Organ samples stored in RNAlater TissueProtect Tubes (#76154, QIAGEN) were used for RNA preparation with the RNeasy Mini Kit (#74104, QIAGEN), according to the manufacturers’ instructions. Reverse transcription was performed after removal of contaminating genomic DNA, using SuperScript™ IV VILO™ Master Mix with ezDNase™ Enzyme (#11766050, Thermo Fisher Scientific).

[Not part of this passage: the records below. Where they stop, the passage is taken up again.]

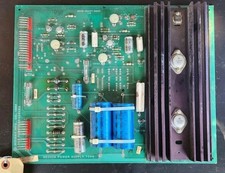 Midway - Medium Power Supply - Arcade PCB A08...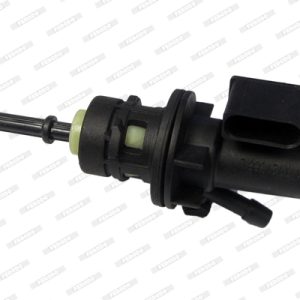 Pompa centrala ambreiaj VW GOLF VI (5K1) 2.0 R 4motion benzina 270 cai FERODO FHC5182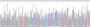 Recombinant Human Phosphatidylinositol-4-Kinase Catalytic Alpha (PI4Ka), Cat#RPU53228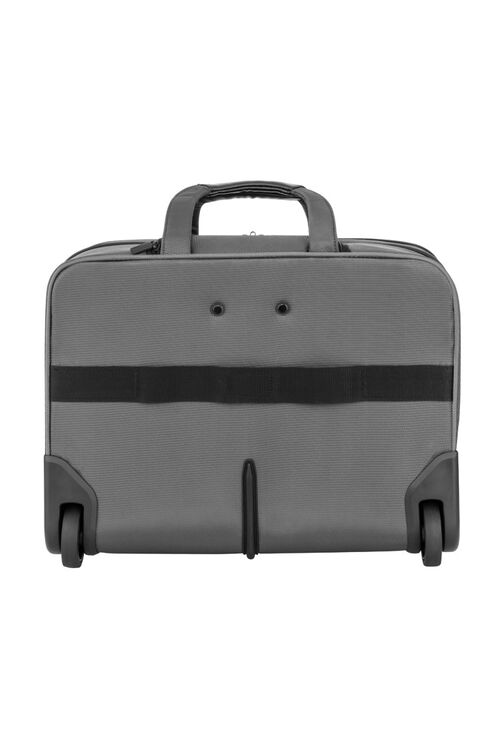 TECH-ICT Laptop Rolling Tote  hi-res | Samsonite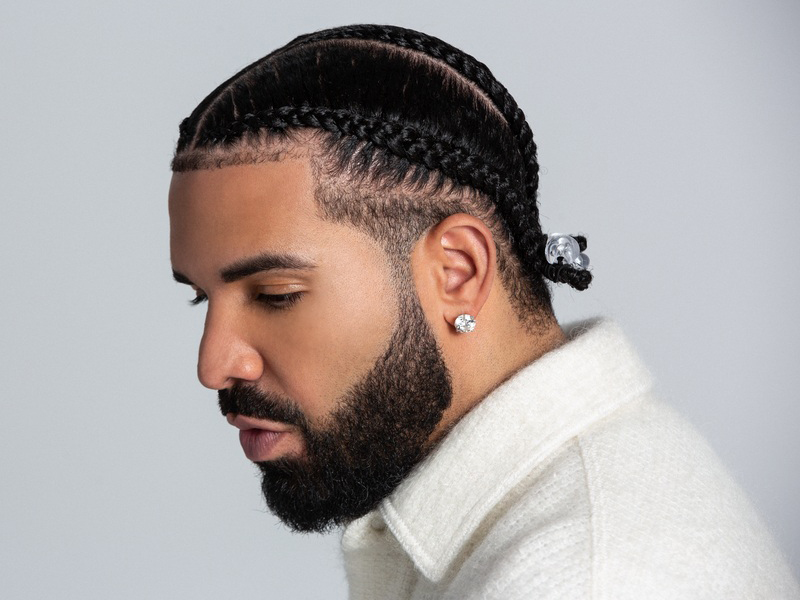 42 Coolest Braid Hairstyles For Black Men 2023 Trends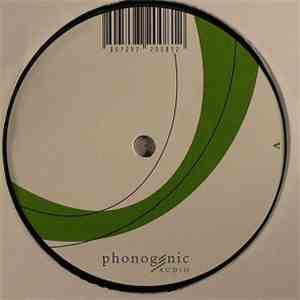 Phonogenic - Ladies And Playboys download free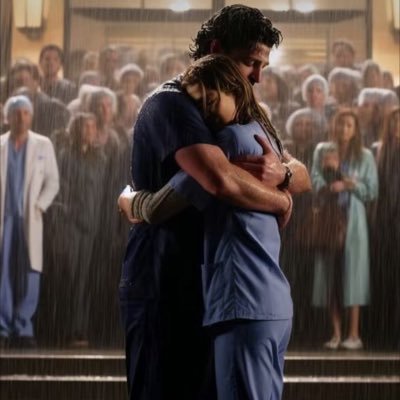 n6a8899's profile picture. 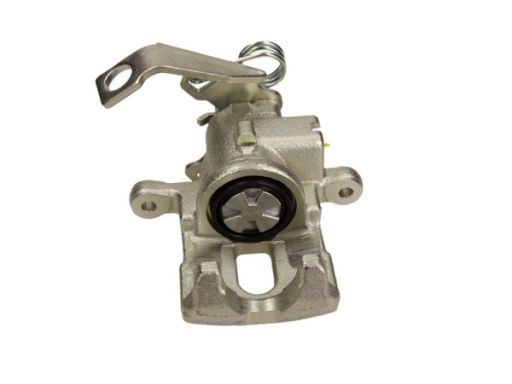 82-0353 Zacisk Ham. Honda T. Civic 1,4-2,0 05- L Maxgear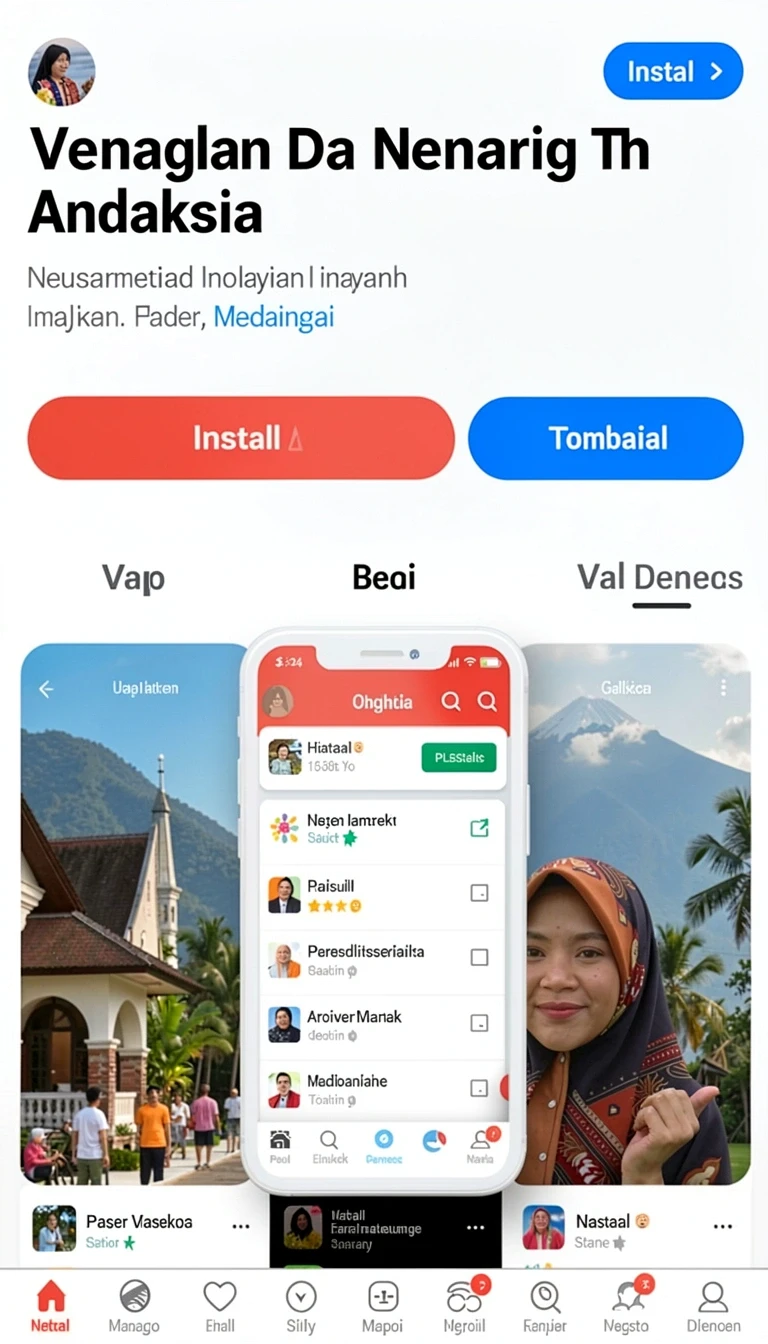 Screenshot petirrp nomor 1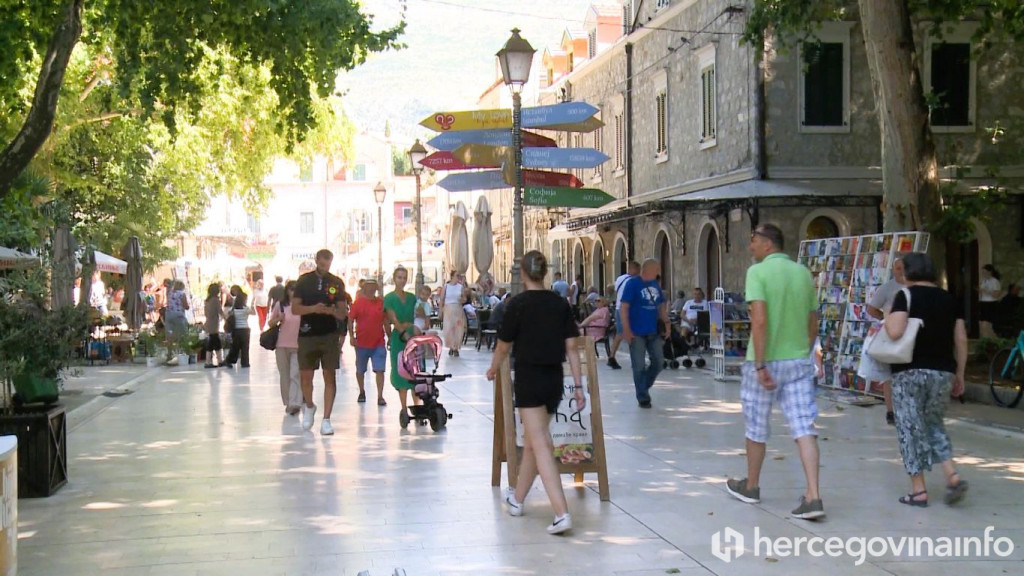 Trebinje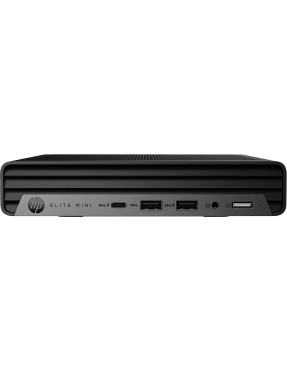 HP Elite Mini 805 G8 R7-5750G PRO 16GB/512GB SSD Win11 Pro 6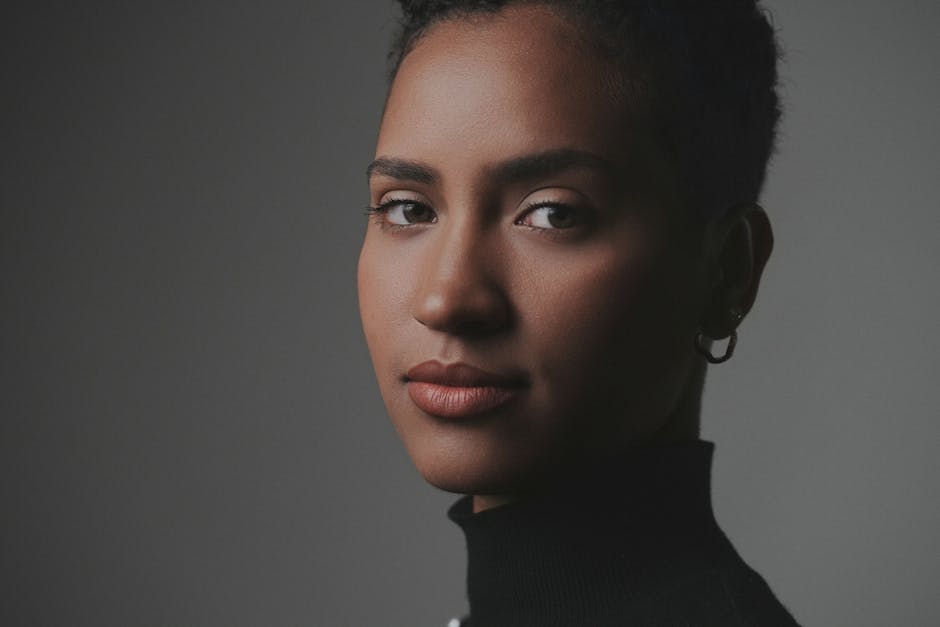 品川の脱毛サロン15選｜失敗しない選び方と人気店舗 | 脱毛ナビ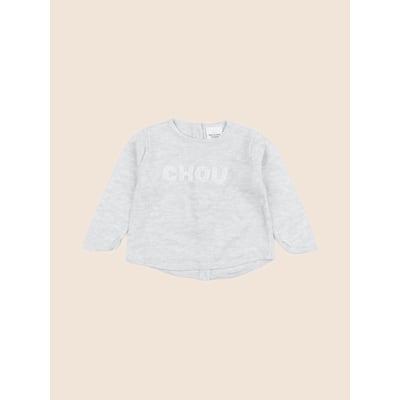 Pull - Très bon état TAPE A L'OEIL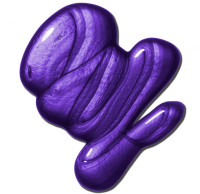 Купити Paul Mitchell Platinum Blonde Shampoo - Шампунь для фарбованого волосся, який відтіняє 300 мл Артикул: 000000037 Фото мініатюра № 2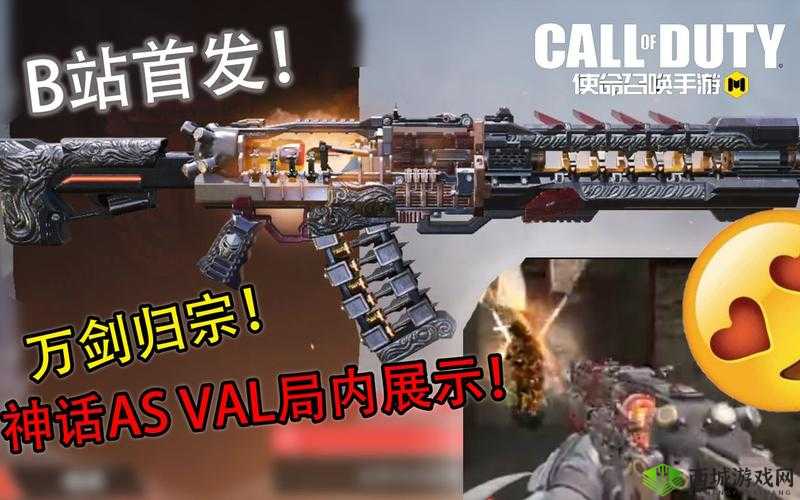 使命召唤手游剑魔灭世转盘测评在资源管理中的重要性及高效利用策略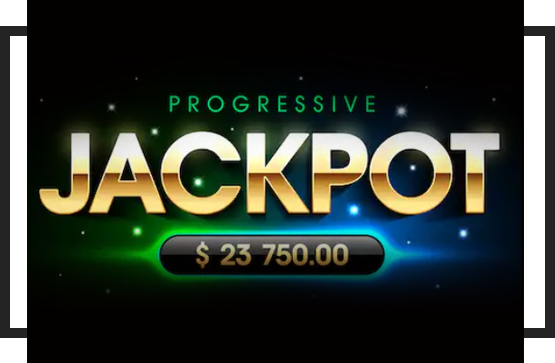 The Best Daily Drop Jackpot at Online Casinos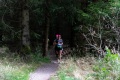 517-DSC01876-2-w2photo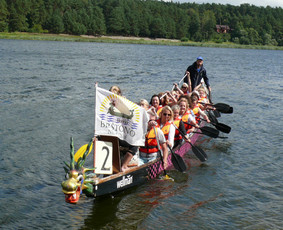 Baidarės, Kanojos, Vikingų laivai, Drakonai, Irklentės - Irklenčių (SUP) nuoma - 2 Irklenčių (SUP) nuoma - Baidarės, Kanojos, Vikingų laivai, Drakonai, Irklentės - 2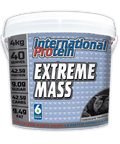 Extreme Mass (1) & IP-EM-4000g-C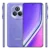 مواصفات و سعر  Realme P3 Pro
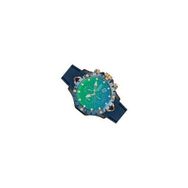 Quantum HNG957.090 Erkek Kol Saati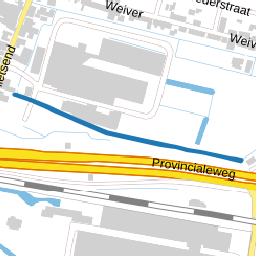 Perceel KMN01-B-5470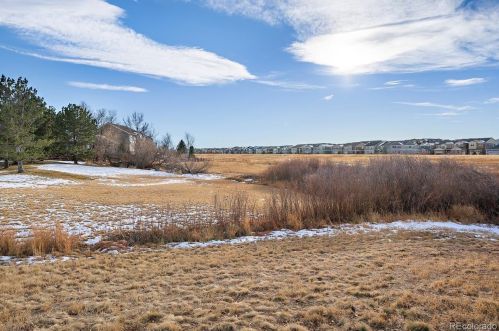 10195 Quarry Hl Pl, Parker CO 80134-3748 exterior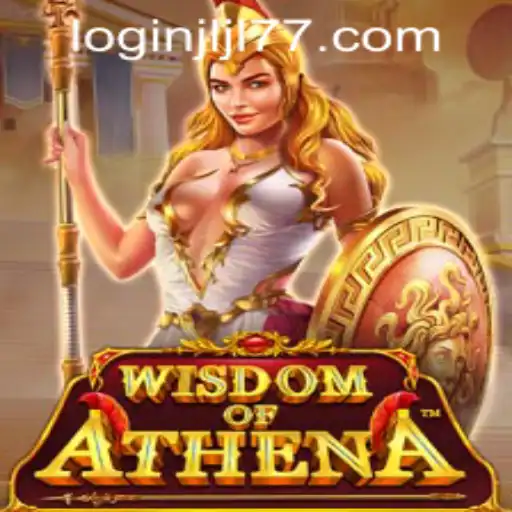 Exploring the Mystical Realm of WisdomofAthena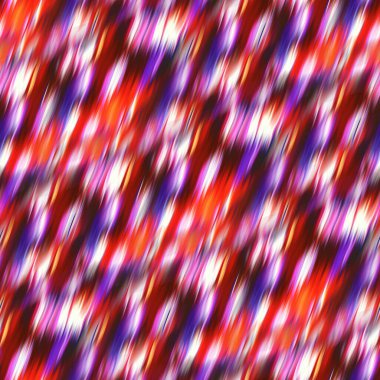 Dalgalı yaz boyası arka planı. Plaj mayosu için farklı renk karışımı, modaya uygun moda baskı. Boho dijital suluboya efekti damlatıyor. Yüksek çözünürlüklü, kusursuz desen materyali.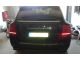 Εικόνα 2: Κρύσταλλο δεξιού καθρέπτη - Porsche Cayenne 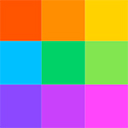 smallpdf桌面版(pdf转换器) v3.8.0中文版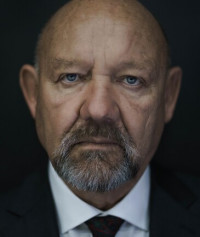 Eugene Lipinski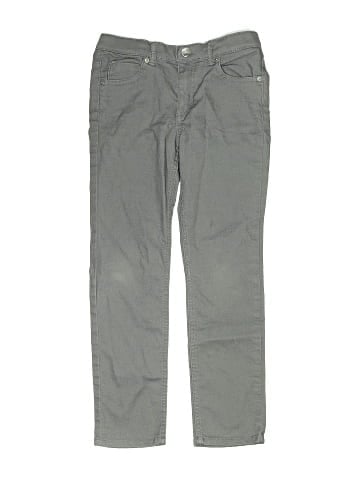 H&M L.O.G.G. Jeans (view 1)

Gene expression was measured using the following TaqMan Gene Expression Assay along with TaqMan Gene Expression Master Mix (Thermo Fisher Scientific): Mouse GAPD (GAPDH) Endogenous Control (VIC/MGB probe, primer limited) (#4352339E), for Gapdh as the reference gene. For the BE3 gene, the primers F: 5’-AAGCGCATACAACAAGCACA-3’ and R: 5’-GAATCAGTGTCGCGTCTAGC-3’ were used with SYBR Green (Thermo Fisher Scientific). Each 10 μL qRT-PCR reaction contained 3 μL cDNA (diluted 1:5 with water) and was performed in technical triplicate. Reactions were carried out on the QuantStudio 7 Flex System (Thermo Fisher Scientific). Relative expression levels were quantified by the 2^–ΔΔCt method.

Statistics

A two-tailed Student’s t test was used for experiments involving the comparison of two groups in which data was normally distributed as determined by the D’Agostino and Pearson omnibus test of normality. The Mann-Whitney U test was used for experiments involving the comparison of two groups in which data was not normally distributed. The Kruskal-Wallis rank sum test for multiple independent samples using the Dunn method with adjustment of the P-value according to the false discovery rate procedure of Benjamini-Hochberg was used for experiments involving the comparison of more than 2 experimental groups. Survival statistics were assessed with the log-rank test. Unless otherwise indicated, data are represented as the mean ± SEM or the mean with individual values.